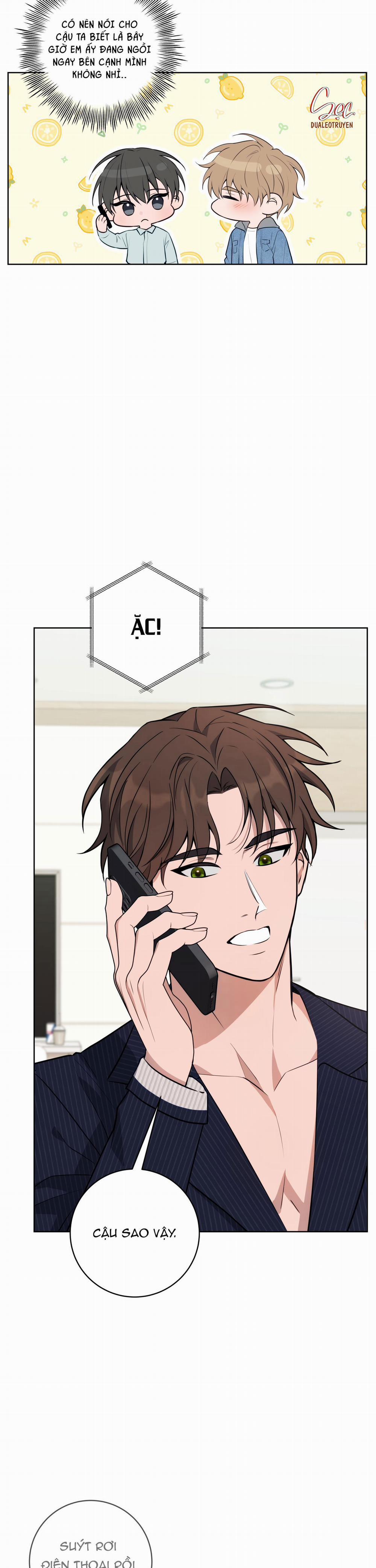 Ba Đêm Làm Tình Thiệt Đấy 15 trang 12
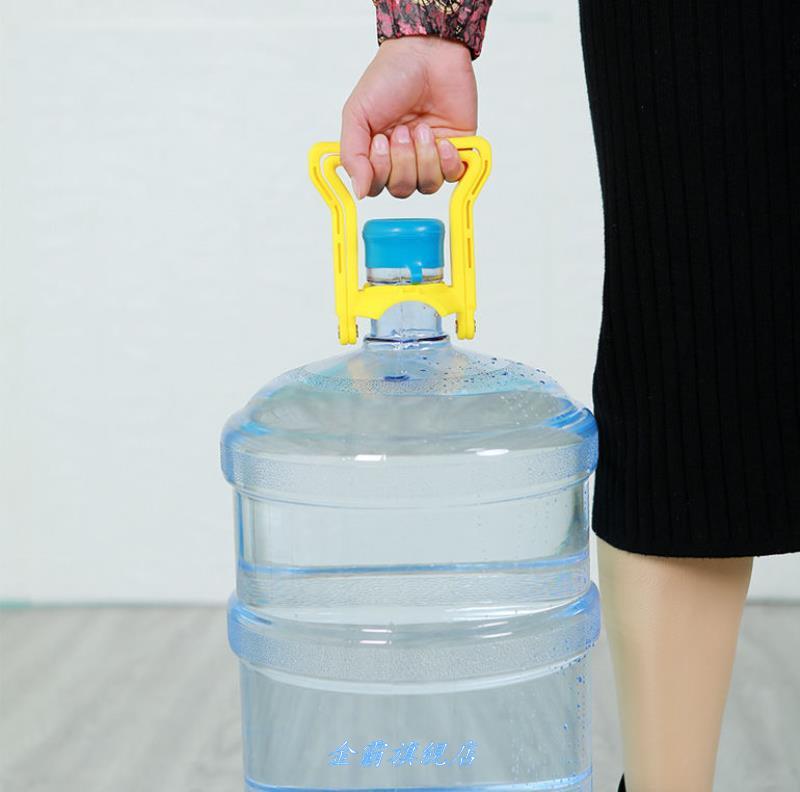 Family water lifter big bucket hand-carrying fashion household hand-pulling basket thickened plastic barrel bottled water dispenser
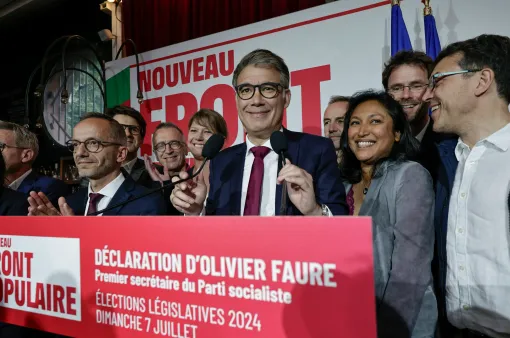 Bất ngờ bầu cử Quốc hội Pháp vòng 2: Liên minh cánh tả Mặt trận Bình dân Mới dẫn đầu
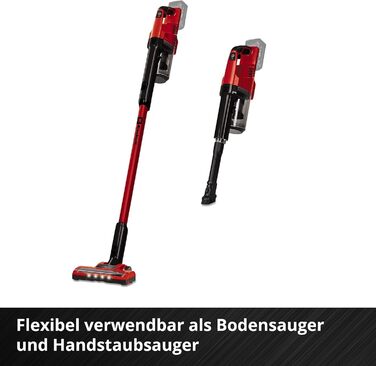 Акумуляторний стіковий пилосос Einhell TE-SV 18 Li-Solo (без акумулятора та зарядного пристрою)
...
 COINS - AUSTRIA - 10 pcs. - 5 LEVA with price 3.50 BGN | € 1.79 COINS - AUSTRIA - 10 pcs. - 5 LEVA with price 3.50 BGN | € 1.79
* * *
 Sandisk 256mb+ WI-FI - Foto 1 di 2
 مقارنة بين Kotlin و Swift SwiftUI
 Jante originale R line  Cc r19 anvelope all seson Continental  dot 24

Aim of the exercise:
Out of the records above, return only the lines from the one with "Ba Đêm Làm Tình Thiệt Đấy 15 trang 12" through the one with "Акумуляторний стіковий пилосос", exactly, and none of the pictures.

Exercise answer:
 Ba Đêm Làm Tình Thiệt Đấy 15 trang 12
 Family water lifter big bucket hand-carrying fashion household hand-pulling basket thickened plastic barrel bottled water dispenser
 Bất ngờ bầu cử Quốc hội Pháp vòng 2: Liên minh cánh tả Mặt trận Bình dân Mới dẫn đầu
 Акумуляторний стіковий пилосос Einhell TE-SV 18 Li-Solo (без акумулятора та зарядного пристрою)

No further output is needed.